The second takeaway from my chat was not as much about adoption as usage. Both of my colleagues, who I should say work with different users in different industries and geographies, agreed on a common emerging usage scenario. More and more enterprises are reducing their overall number of grids, and they are creating grids with a variety of data served up to numerous applications. From a management standpoint, this certainly makes sense. While effectively partitioning such diverse sets of data may be a bit more of a burden, the administrative efficiency gained by managing fewer grid instantiations probably makes it worthwhile (especially when you consider that many data grid technologies provide quite a bit of partitioning know-how).

In some ways, this natural evolution to fewer, more highly heterogeneous grids seems inevitable. In that sense, it is interesting to think about what this emerging usage pattern may mean to the evolution of data grid use within the enterprise. Specifically, what will enterprises start to do differently in adopting this type of data grid usage?

Now, I’m no data grid expert, and I did not stay at a Holiday Inn Express last night, but that won’t keep me from giving my opinion on this matter. As I see it, the move to more centralized data grids will dictate the need for enterprises to more tightly align data grid and enterprise service bus technologies.

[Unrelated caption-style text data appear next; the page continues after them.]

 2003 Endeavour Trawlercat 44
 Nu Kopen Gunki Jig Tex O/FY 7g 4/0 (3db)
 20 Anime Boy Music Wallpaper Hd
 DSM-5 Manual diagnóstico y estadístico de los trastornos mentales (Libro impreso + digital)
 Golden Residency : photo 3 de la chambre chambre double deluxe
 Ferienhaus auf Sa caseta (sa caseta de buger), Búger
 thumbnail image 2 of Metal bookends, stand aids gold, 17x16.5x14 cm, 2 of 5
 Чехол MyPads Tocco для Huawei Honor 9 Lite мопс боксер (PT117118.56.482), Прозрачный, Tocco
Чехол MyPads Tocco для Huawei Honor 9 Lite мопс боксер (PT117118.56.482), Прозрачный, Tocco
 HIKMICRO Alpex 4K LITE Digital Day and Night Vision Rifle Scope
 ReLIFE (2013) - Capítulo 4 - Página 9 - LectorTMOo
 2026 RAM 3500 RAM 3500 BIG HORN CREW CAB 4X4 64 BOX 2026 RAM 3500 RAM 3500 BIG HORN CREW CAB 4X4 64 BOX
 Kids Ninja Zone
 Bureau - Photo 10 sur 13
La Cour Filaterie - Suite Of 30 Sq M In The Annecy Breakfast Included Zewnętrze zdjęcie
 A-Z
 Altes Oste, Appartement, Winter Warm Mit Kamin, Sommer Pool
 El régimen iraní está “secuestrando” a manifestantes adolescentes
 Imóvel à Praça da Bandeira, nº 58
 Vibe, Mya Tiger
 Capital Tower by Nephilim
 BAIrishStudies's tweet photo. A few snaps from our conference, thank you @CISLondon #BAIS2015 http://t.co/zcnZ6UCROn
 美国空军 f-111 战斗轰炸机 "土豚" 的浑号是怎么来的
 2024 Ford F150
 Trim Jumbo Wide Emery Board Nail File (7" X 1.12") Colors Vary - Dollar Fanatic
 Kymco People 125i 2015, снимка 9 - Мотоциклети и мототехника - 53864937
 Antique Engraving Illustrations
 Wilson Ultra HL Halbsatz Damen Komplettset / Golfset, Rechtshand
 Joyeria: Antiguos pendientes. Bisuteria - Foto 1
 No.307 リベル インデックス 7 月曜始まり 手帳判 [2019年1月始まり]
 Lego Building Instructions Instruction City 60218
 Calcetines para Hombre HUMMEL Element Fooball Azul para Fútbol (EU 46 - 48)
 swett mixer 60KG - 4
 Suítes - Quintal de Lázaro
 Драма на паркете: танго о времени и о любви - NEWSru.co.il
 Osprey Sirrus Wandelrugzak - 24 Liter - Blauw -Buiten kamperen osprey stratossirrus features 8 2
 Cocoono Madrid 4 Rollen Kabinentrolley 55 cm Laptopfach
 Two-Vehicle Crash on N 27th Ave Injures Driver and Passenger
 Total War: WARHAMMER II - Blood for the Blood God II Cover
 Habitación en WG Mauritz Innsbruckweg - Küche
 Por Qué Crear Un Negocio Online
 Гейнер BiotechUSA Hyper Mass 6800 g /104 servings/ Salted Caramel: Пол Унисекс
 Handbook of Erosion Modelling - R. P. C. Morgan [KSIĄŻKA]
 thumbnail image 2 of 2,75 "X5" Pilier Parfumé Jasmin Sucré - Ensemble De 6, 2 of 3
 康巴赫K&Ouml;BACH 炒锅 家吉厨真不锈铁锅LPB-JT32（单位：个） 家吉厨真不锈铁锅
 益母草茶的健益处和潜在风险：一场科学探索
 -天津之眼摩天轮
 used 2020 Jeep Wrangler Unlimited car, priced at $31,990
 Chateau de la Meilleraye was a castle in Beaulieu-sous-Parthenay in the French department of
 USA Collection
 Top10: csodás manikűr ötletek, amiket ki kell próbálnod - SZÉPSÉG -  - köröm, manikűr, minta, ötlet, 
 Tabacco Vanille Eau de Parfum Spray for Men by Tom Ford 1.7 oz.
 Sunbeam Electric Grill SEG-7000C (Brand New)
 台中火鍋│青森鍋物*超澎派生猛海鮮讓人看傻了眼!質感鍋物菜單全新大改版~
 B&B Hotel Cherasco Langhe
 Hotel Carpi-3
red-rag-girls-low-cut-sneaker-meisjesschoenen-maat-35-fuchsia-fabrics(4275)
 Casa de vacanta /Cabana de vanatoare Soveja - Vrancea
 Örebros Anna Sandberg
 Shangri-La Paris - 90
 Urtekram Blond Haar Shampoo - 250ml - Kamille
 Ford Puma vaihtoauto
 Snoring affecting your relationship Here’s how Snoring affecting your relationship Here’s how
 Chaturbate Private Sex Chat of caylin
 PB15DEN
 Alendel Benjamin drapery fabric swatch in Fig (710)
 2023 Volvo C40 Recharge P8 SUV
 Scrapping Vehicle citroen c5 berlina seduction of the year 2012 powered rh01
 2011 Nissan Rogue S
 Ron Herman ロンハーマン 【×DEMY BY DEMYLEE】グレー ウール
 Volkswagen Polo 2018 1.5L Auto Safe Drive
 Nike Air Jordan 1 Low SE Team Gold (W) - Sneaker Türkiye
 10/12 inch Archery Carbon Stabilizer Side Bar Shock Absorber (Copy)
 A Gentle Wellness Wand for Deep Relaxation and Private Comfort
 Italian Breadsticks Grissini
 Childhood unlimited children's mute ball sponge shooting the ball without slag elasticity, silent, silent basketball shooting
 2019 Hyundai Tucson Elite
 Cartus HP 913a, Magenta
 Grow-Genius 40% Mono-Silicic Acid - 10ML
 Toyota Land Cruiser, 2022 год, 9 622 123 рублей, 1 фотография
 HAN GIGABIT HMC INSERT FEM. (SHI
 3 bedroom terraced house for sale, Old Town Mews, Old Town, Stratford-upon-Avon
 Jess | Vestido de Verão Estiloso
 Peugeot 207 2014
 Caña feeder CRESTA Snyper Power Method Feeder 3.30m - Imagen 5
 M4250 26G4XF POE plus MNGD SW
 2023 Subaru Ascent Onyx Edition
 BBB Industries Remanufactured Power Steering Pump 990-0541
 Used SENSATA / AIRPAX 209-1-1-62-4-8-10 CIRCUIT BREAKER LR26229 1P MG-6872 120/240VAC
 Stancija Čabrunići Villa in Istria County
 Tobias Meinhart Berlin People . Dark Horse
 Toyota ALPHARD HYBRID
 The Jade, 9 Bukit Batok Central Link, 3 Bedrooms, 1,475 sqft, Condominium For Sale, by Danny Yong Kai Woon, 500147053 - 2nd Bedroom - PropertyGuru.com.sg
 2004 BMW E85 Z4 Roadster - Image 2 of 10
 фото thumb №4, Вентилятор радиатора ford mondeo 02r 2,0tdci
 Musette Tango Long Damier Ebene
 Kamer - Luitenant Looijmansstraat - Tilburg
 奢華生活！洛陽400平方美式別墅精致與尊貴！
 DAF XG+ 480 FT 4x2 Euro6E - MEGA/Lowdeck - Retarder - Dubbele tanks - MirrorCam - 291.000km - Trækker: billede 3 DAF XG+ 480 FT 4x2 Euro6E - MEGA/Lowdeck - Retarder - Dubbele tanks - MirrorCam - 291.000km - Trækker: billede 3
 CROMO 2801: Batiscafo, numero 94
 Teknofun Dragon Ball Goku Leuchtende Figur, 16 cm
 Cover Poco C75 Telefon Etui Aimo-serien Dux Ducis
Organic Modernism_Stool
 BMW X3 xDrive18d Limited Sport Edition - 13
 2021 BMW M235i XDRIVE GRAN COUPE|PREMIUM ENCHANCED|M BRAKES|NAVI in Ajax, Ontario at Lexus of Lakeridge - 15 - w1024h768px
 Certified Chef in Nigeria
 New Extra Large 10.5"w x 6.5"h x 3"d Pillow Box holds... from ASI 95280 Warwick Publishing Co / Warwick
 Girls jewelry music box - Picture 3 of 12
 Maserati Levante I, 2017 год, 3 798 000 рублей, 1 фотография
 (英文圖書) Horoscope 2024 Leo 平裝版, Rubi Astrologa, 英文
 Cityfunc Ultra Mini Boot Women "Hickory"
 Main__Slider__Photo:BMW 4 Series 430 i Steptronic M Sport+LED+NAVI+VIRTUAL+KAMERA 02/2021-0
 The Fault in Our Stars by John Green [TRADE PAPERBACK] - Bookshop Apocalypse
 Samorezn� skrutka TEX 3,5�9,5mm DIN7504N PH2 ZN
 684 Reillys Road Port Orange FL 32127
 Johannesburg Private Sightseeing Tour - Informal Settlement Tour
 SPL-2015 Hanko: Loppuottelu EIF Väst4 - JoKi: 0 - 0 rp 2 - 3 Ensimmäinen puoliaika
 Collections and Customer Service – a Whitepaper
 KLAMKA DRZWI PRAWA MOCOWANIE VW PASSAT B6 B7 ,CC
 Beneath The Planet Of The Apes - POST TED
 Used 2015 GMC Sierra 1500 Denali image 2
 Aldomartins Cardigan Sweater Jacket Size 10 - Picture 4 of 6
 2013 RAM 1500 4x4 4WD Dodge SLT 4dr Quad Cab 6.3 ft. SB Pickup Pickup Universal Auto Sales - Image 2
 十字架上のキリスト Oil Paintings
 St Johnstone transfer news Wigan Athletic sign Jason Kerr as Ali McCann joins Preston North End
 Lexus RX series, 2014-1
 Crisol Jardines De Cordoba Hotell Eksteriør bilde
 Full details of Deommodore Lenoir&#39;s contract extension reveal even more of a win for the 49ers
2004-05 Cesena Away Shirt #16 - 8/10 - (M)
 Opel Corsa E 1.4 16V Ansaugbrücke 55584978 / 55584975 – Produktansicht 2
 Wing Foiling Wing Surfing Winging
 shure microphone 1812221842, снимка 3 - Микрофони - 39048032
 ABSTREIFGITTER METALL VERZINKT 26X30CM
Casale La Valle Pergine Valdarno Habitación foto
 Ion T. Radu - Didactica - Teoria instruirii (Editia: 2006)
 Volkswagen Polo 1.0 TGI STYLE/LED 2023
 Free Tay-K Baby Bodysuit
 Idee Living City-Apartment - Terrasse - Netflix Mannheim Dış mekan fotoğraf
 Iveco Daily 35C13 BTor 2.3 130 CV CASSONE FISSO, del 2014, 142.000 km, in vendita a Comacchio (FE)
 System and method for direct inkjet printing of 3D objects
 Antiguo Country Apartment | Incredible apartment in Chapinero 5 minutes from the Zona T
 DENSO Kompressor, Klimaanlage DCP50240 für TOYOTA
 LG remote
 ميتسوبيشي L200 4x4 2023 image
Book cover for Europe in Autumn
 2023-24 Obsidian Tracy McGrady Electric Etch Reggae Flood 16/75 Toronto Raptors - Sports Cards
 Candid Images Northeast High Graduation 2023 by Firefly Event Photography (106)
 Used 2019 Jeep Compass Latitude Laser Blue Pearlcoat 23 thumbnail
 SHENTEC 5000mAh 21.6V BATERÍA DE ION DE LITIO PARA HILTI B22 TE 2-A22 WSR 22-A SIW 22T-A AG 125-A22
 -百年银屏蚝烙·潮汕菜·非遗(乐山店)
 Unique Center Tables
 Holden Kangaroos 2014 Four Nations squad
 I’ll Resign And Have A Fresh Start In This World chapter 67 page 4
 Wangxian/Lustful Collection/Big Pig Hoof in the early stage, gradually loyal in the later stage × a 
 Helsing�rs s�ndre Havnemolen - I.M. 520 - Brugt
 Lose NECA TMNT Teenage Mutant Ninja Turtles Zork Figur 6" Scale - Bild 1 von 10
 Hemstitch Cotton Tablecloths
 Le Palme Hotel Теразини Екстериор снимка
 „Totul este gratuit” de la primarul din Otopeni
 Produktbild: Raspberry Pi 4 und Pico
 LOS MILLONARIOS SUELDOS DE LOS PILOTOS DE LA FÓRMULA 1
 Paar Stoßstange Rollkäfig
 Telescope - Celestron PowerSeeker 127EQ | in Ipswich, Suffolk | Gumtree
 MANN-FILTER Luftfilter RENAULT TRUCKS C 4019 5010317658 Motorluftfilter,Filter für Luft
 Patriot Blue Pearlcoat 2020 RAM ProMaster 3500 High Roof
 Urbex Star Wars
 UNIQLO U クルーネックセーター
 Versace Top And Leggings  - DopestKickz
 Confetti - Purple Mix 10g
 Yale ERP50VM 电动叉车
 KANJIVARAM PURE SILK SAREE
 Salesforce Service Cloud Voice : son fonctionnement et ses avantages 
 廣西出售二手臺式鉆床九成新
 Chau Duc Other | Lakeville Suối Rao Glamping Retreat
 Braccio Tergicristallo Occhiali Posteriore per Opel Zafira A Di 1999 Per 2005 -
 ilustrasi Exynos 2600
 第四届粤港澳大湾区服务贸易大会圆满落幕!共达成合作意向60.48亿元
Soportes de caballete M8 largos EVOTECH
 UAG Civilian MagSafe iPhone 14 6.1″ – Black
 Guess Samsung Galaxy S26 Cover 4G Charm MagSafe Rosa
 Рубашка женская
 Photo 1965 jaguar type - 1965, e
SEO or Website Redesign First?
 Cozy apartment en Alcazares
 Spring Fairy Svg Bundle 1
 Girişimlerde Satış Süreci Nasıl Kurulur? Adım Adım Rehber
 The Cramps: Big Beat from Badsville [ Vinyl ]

As data grid centralization increases, the number of different applications accessing a single grid also increases. It is conceivable, and in fact likely, that applications written in different languages and running on different platforms will need to access and perhaps modify the same data within the grid. The data as it is stored in the grid may not be an ideal format for all of the applications. Certainly, the applications could retrieve the data in some sort of least common denominator form (i.e. XML) and do the appropriate transformations. However, that leaves you with application code that does data transformation work before it actually works on the data. Clearly, this is not ideal. Instead, enterprises may benefit from using an ESB to transform the data returned from the grid to a format more desirable to the requesting application. This moves transformation code out of the application, where I think we all agree it does not belong, to the ESB.

In addition to the data transformation capabilities ESB solutions afford, they also typically provide protocol transformation capabilities. This may come in handy as the number of applications, and presumably protocol access methods, accessing a single grid increases. Instead of requiring a data grid to accommodate untold number of access protocols, the ESB could intercept various different types of request, and then send that request along to the data grid using a supported protocol. While data grid support for commonly used protocols like HTTP may mitigate this need to some degree, I still believe this will afford enterprises and their applications a nice degree of flexibility.

Now, I am not putting my head in the sand about some of the effects of using data grid and ESB technologies in tandem. Chief among the concerns would be the fact that an ESB between applications and the data grid would certainly introduce some degree of latency. In many cases, users leverage grids for extremely fast access to data, so this pattern may not be ideal. However, in other cases the value provided by the ESB/data grid combination may outweigh any latency concerns. So, what do you think? Am I way off base here, or is there value in architectural patterns that combine ESB and memory-based data grid solutions?